Image-caption web data:
<<<<

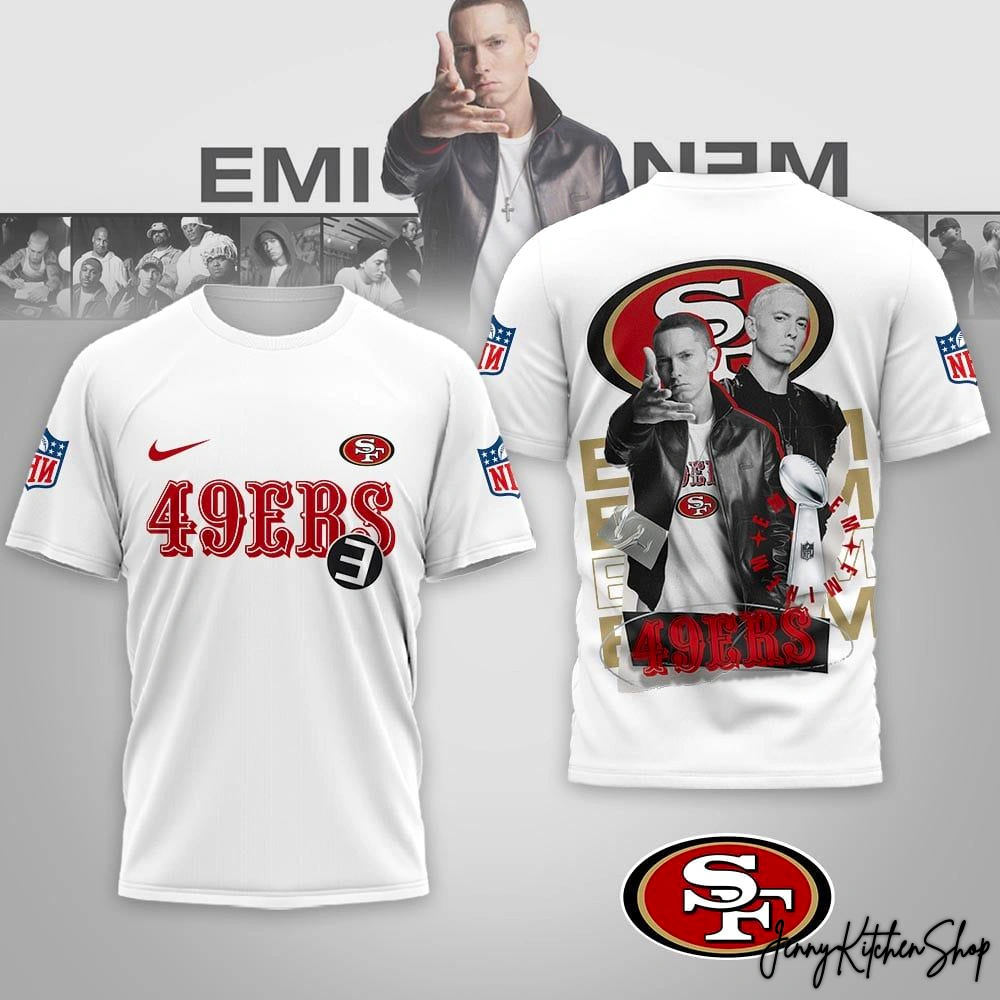 San Francisco 49ers x Eminem Limited For Fan T-Shirt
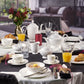 White Pearl Espresso Cup Set for 6 persons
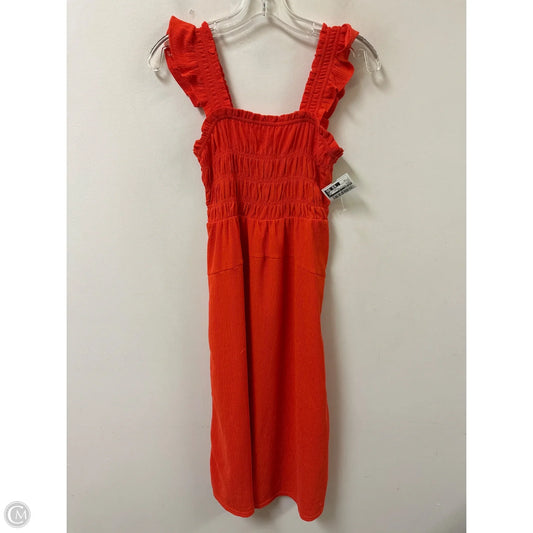 Dress Casual Midi By Old Navy In Orange, Size: Xs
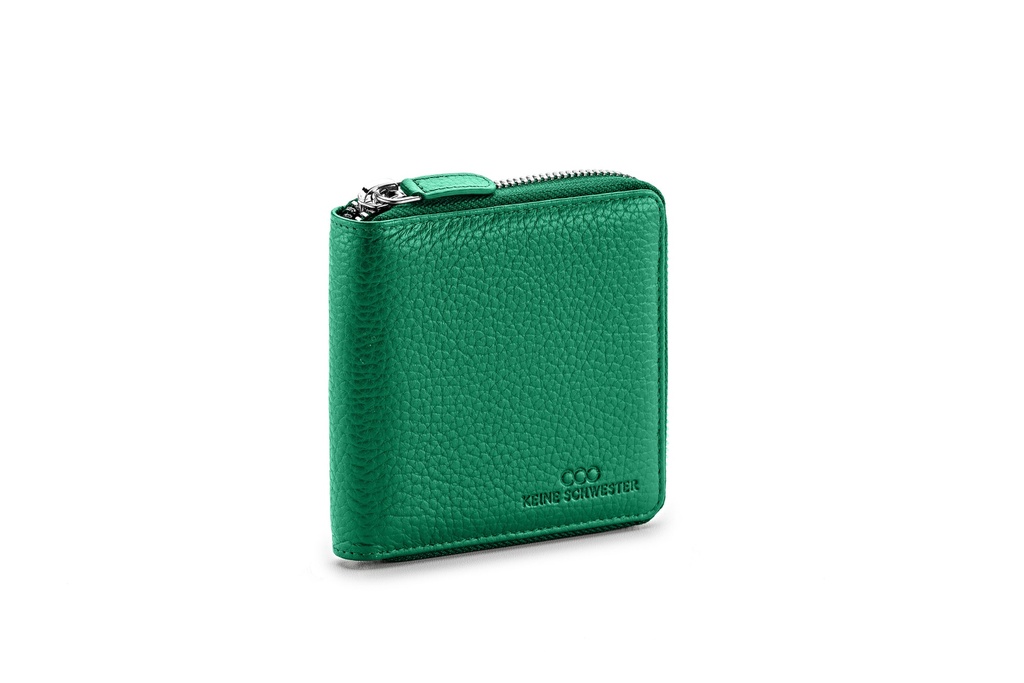 LILLE soft | smaragd | silber | genarbt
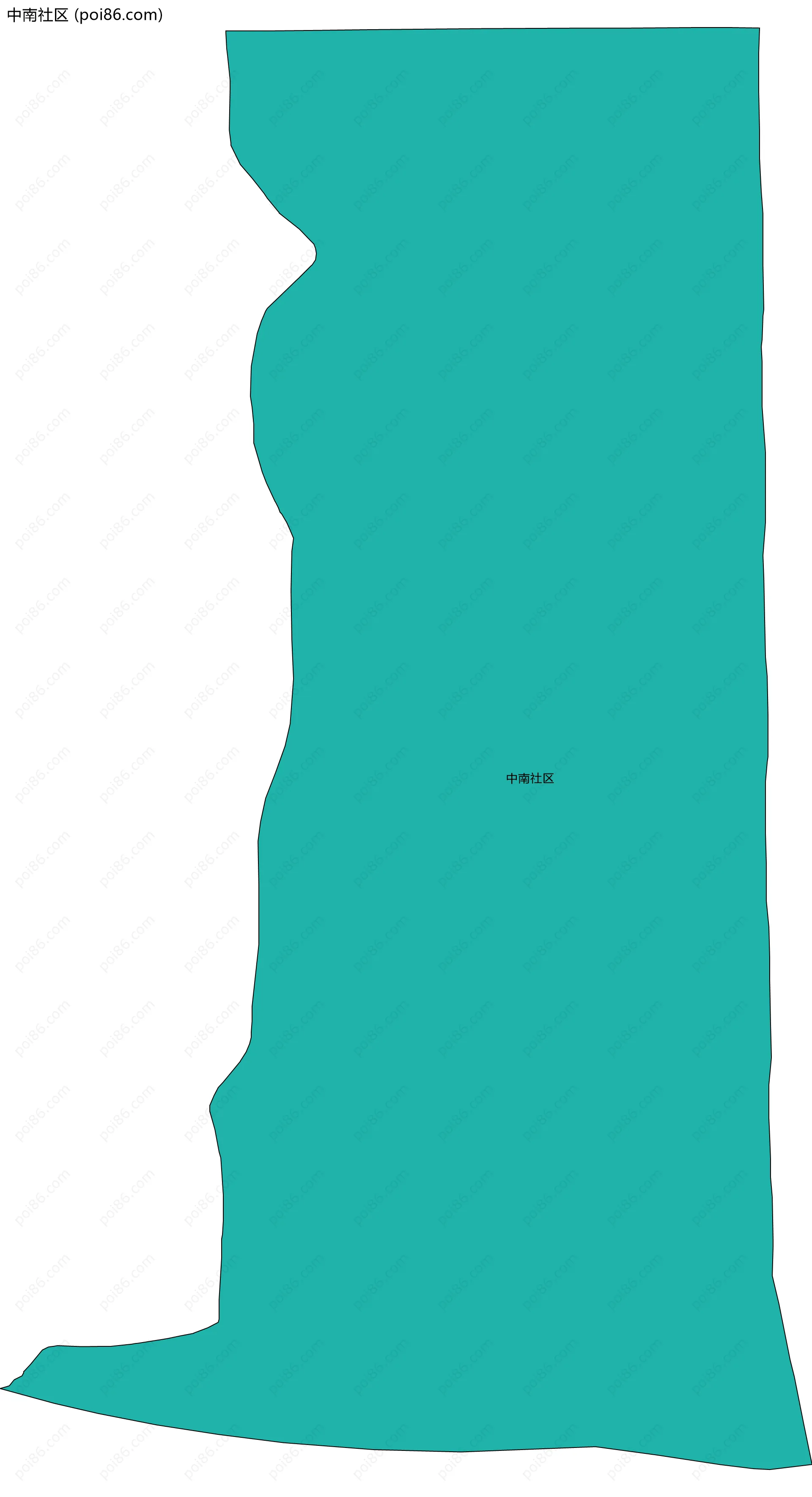 中南社区边界地图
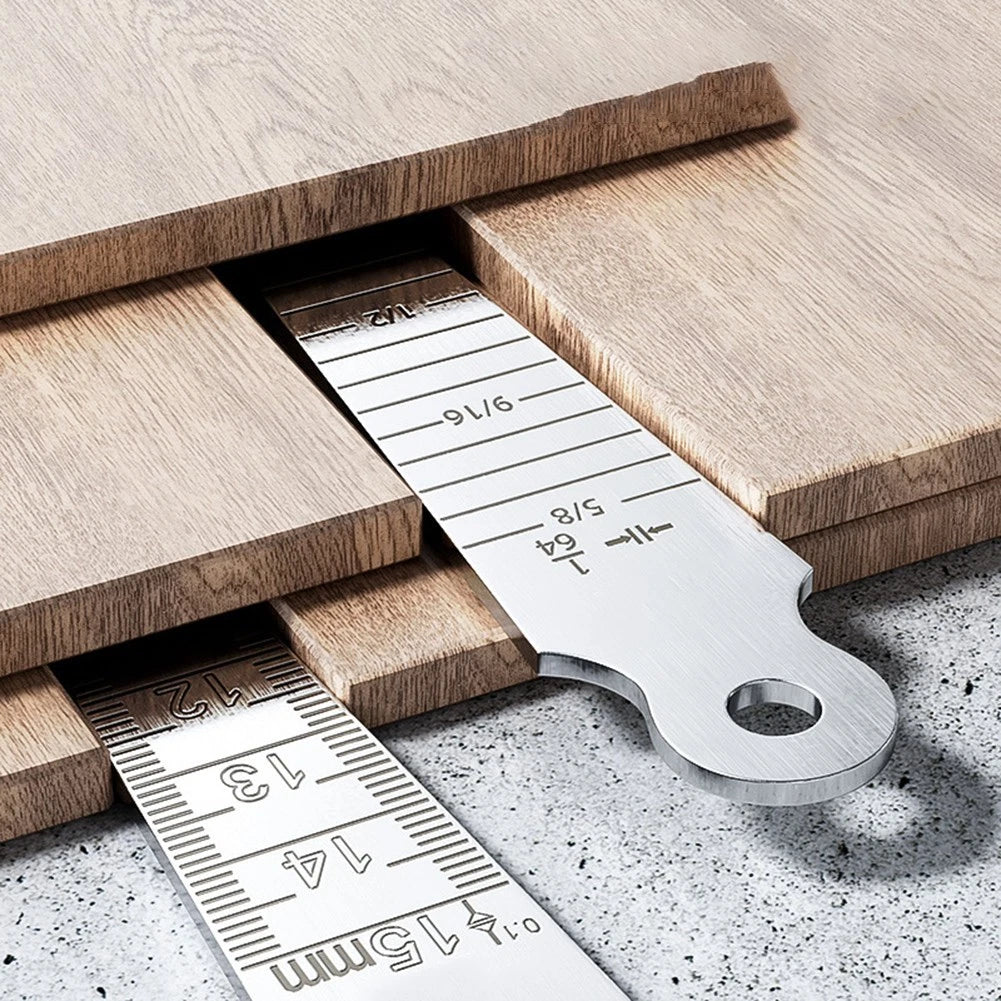 Stainless Steel Taper Gauge 1-15mm for Hole Depth Clearance Test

>>>>

▶ [Exercise description]:
Exactly the lines from the line containing "Dress Casual Midi" to the end of the records need to be copied, both ends included, with pictures left out.

▶ [Task result]:
 Dress Casual Midi By Old Navy In Orange, Size: Xs
 LILLE soft | smaragd | silber | genarbt
 中南社区边界地图
 Stainless Steel Taper Gauge 1-15mm for Hole Depth Clearance Test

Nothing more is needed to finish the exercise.